Another woman I interviewed described her efforts to fill a dangerous void in the company she cared about. Young managerial talent in this manufacturing corporation had traditionally made careers in production. Convinced that foreign competition would alter the shape of the industry, she realized that marketing was a neglected area. She took classes, attended seminars, and read widely. More important, she visited customers to get feedback about her company’s and competitors’ products, and she soon knew more about the product’s customer appeal and market position than any of her peers. The extra competence did wonders for her own career, but it also helped her company weather a storm it had not seen coming.

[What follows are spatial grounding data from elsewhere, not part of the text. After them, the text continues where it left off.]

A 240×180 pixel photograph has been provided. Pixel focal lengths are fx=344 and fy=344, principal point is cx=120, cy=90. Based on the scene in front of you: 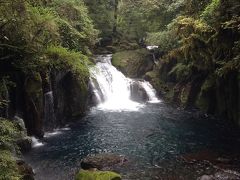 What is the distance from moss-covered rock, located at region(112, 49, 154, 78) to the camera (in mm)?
34469

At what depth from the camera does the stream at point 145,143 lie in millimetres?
15227

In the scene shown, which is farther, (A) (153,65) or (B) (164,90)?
(A) (153,65)

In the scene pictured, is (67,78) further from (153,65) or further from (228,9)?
(153,65)

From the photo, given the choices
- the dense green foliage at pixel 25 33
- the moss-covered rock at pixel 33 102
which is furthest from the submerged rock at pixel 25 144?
the dense green foliage at pixel 25 33

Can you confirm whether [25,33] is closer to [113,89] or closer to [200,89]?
[200,89]

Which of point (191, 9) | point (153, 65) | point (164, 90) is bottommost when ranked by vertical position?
point (164, 90)

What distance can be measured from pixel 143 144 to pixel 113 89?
13415mm

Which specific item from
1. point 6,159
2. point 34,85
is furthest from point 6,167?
point 34,85

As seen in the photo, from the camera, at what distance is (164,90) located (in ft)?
102

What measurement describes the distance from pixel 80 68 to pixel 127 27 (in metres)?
19.0

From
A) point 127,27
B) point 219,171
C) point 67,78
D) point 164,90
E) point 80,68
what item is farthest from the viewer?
point 127,27

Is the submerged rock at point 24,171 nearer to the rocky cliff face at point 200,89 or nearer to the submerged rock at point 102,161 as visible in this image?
the submerged rock at point 102,161

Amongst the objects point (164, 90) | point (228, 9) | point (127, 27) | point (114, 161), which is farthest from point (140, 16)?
point (114, 161)

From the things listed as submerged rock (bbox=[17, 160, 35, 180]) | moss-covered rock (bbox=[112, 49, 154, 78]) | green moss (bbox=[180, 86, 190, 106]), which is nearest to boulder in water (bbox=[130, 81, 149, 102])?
moss-covered rock (bbox=[112, 49, 154, 78]) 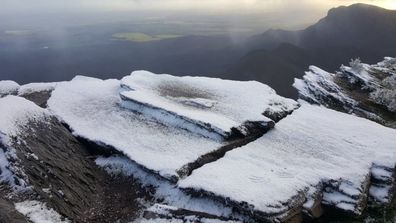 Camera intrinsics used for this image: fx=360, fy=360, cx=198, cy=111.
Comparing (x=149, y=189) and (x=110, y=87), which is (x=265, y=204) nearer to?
(x=149, y=189)

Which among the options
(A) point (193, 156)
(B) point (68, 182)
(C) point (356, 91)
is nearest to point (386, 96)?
(C) point (356, 91)

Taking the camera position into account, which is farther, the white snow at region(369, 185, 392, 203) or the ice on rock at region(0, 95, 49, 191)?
the white snow at region(369, 185, 392, 203)

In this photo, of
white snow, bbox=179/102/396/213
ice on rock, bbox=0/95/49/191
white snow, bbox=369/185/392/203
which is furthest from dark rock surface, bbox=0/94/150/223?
white snow, bbox=369/185/392/203

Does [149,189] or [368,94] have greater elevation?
[368,94]

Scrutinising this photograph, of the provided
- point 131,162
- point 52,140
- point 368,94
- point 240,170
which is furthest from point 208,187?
point 368,94

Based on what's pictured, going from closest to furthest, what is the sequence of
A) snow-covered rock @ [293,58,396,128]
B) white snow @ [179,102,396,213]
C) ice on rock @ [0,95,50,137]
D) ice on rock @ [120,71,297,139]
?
1. white snow @ [179,102,396,213]
2. ice on rock @ [0,95,50,137]
3. ice on rock @ [120,71,297,139]
4. snow-covered rock @ [293,58,396,128]

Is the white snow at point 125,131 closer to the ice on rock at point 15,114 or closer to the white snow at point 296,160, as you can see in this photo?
the white snow at point 296,160

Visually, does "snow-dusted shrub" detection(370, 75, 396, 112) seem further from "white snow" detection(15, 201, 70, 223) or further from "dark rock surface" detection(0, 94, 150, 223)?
"white snow" detection(15, 201, 70, 223) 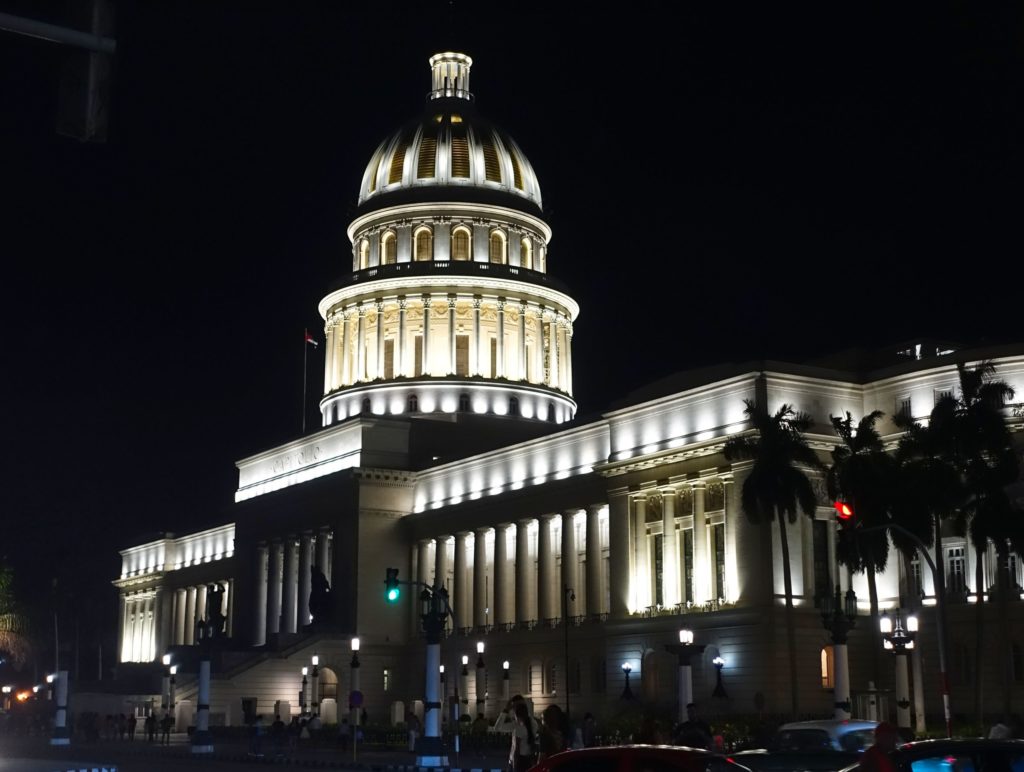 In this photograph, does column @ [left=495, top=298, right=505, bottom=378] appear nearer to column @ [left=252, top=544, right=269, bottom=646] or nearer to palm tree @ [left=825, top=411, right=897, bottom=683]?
column @ [left=252, top=544, right=269, bottom=646]

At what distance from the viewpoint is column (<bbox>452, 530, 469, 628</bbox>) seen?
318ft

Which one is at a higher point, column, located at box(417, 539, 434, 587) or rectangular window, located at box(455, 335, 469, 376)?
rectangular window, located at box(455, 335, 469, 376)

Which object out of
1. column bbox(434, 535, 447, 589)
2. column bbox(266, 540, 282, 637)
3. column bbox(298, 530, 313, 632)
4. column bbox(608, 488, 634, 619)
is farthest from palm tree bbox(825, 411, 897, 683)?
column bbox(266, 540, 282, 637)

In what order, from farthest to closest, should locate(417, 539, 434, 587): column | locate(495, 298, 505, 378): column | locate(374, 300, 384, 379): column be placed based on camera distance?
locate(374, 300, 384, 379): column
locate(495, 298, 505, 378): column
locate(417, 539, 434, 587): column

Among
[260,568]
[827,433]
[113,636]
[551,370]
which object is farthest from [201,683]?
[113,636]

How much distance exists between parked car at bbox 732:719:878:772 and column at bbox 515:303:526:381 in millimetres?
83195

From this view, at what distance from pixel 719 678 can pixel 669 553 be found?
7497mm

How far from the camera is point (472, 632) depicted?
314ft

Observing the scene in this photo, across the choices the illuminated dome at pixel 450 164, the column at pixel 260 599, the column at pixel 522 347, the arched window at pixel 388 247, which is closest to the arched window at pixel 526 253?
the illuminated dome at pixel 450 164

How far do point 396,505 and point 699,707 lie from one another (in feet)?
113

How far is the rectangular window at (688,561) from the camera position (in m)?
77.2

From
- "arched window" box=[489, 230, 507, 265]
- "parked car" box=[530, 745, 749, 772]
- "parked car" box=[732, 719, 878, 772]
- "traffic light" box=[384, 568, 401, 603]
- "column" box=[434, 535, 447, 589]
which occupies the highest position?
"arched window" box=[489, 230, 507, 265]

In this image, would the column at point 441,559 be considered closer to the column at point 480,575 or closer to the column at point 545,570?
the column at point 480,575

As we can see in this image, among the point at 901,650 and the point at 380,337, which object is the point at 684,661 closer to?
the point at 901,650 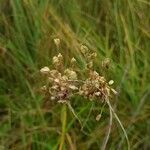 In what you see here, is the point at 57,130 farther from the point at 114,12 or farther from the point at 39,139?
the point at 114,12

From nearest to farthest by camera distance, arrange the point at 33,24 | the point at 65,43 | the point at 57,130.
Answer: the point at 57,130
the point at 65,43
the point at 33,24

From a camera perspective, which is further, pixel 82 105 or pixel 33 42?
pixel 33 42

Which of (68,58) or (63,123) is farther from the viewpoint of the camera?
(68,58)

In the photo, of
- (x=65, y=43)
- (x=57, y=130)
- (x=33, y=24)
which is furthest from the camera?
(x=33, y=24)

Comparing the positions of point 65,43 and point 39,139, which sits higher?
point 65,43

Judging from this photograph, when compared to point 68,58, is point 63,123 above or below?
below

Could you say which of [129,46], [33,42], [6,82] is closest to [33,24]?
[33,42]

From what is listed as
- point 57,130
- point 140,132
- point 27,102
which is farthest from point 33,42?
point 140,132
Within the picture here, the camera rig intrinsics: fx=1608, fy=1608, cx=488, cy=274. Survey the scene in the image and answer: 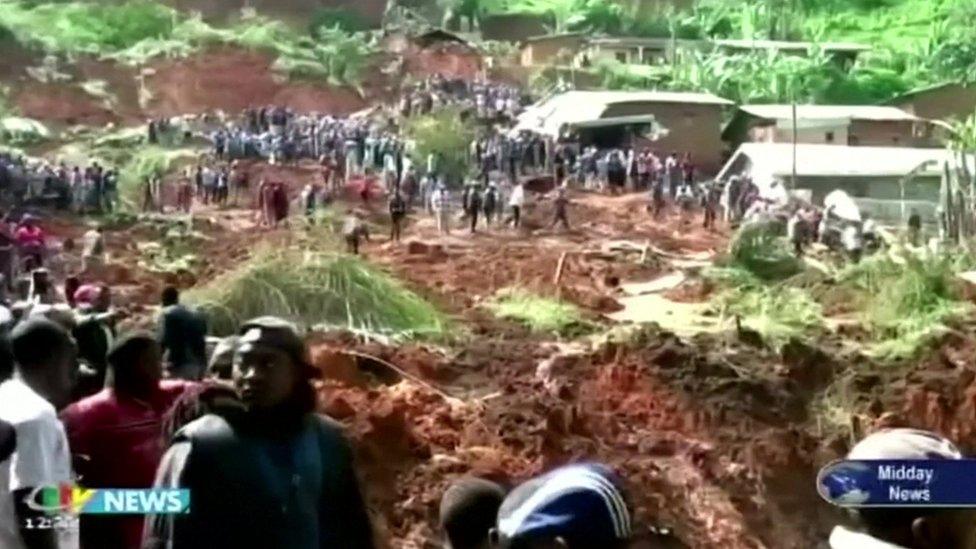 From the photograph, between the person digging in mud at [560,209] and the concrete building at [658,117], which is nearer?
the person digging in mud at [560,209]

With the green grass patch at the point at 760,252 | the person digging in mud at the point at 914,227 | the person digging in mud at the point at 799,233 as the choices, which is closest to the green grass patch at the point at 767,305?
the green grass patch at the point at 760,252

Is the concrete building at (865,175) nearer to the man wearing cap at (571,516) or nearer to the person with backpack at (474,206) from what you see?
the person with backpack at (474,206)

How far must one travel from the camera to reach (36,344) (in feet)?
7.43

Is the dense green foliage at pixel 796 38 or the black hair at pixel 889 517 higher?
the dense green foliage at pixel 796 38

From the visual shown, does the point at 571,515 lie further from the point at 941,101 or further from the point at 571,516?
the point at 941,101

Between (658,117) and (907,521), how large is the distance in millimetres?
7979

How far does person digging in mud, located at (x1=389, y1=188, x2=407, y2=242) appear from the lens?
855 cm

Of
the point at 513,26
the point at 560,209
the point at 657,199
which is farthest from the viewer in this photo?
the point at 513,26

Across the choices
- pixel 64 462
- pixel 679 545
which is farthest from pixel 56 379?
pixel 679 545

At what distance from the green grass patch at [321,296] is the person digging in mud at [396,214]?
36 cm

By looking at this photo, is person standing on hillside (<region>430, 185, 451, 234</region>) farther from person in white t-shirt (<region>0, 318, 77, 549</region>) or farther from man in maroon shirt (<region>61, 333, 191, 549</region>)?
person in white t-shirt (<region>0, 318, 77, 549</region>)

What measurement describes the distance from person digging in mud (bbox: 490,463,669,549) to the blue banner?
7.1 inches

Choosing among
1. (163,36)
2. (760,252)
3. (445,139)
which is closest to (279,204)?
(445,139)

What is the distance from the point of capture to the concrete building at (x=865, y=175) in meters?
8.99
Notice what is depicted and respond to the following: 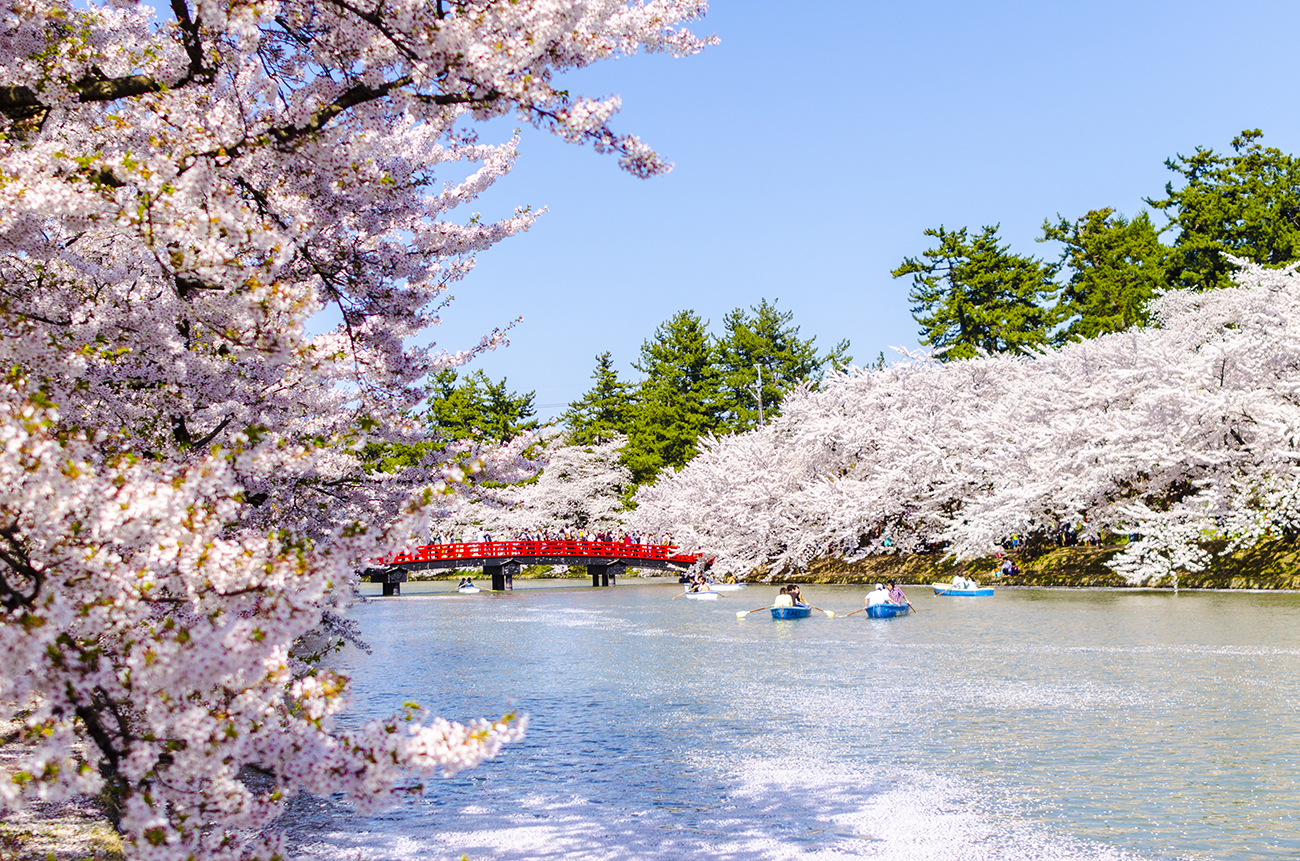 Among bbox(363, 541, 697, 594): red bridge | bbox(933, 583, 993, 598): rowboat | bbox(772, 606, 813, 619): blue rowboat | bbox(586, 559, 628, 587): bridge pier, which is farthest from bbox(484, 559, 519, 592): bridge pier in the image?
bbox(772, 606, 813, 619): blue rowboat

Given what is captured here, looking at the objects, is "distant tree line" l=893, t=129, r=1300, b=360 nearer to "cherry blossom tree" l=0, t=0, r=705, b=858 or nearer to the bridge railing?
the bridge railing

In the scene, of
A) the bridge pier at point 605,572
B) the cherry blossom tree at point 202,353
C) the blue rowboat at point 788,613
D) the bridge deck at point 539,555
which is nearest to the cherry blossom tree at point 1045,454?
the bridge deck at point 539,555

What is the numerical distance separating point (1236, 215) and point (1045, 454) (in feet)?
99.0

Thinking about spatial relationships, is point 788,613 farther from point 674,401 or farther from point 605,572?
point 674,401

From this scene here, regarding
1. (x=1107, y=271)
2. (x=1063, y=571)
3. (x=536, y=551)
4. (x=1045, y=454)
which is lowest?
(x=1063, y=571)

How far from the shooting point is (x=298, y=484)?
35.0ft

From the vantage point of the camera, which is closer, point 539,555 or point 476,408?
point 539,555

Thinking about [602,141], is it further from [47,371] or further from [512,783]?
[512,783]

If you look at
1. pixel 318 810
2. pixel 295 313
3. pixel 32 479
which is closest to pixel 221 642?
pixel 32 479

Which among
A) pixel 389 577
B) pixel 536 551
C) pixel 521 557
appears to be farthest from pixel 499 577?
pixel 389 577

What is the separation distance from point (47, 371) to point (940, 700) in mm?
13996

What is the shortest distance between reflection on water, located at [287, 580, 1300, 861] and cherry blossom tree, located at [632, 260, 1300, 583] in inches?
284

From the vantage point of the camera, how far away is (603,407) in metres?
81.6

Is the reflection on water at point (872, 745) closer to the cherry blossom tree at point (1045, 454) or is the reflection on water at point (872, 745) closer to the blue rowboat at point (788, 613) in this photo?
the blue rowboat at point (788, 613) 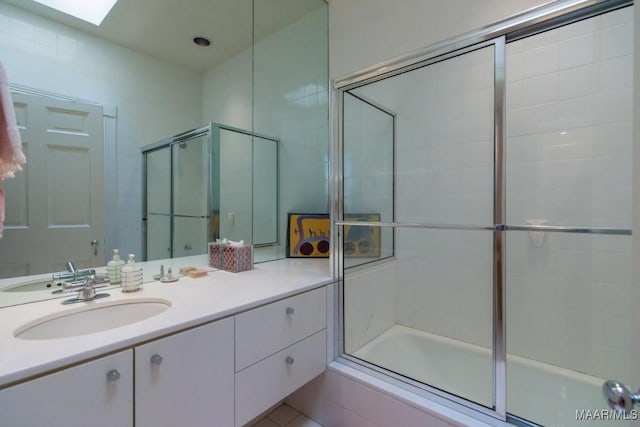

Effective followers are credible, honest, and courageous. They establish themselves as independent, critical thinkers whose knowledge and judgment can be trusted. They give credit where credit is due, admitting mistakes and sharing successes. They form their own views and ethical standards and stand up for what they believe in.
Insightful, candid, and fearless, they can keep leaders and colleagues honest and informed. The other side of the coin of course is that they can also cause great trouble for a leader with questionable ethics.
Jerome LiCari, the former R&D director at Beech-Nut, suspected for several years that the apple concentrate Beech-Nut was buying from a new supplier at 20 percent below market price was adulterated. His department suggested switching suppliers, but top management at the financially strapped company put the burden of proof on R&D.
By 1981, LiCari had accumulated strong evidence of adulteration and issued a memo recommending a change of supplier. When he got no response, he went to see his boss, the head of operations. According to LiCari, he was threatened with dismissal for lack of team spirit. LiCari then went to the president of Beech-Nut, and when that, too, produced no results, he gave up his three-year good-soldier effort, followed his conscience, and resigned. His last performance evaluation praised his expertise and loyalty, but said his judgment was “colored by naiveté and impractical ideals.”
In 1986, Beech-Nut and LiCari’s two bosses were indicted on several hundred counts of conspiracy to commit fraud by distributing adulterated apple juice. In November 1987, the company pleaded guilty and agreed to a fine of $2 million. In February 1988, the two executives were found guilty on a majority of the charges. The episode cost Beech-Nut an estimated $25 million and a 20-percent loss of market share. Asked during the trial if he had been naive, LiCari said, “I guess I was. I thought apple juice should be made from apples.”
Is LiCari a good follower? Well, no, not to his dishonest bosses. But yes, he is almost certainly the kind of employee most companies want to have: loyal, honest, candid with his superiors, and thoroughly credible. In an ethical company involved unintentionally in questionable practices, this kind of follower can head off embarrassment, expense, and litigation.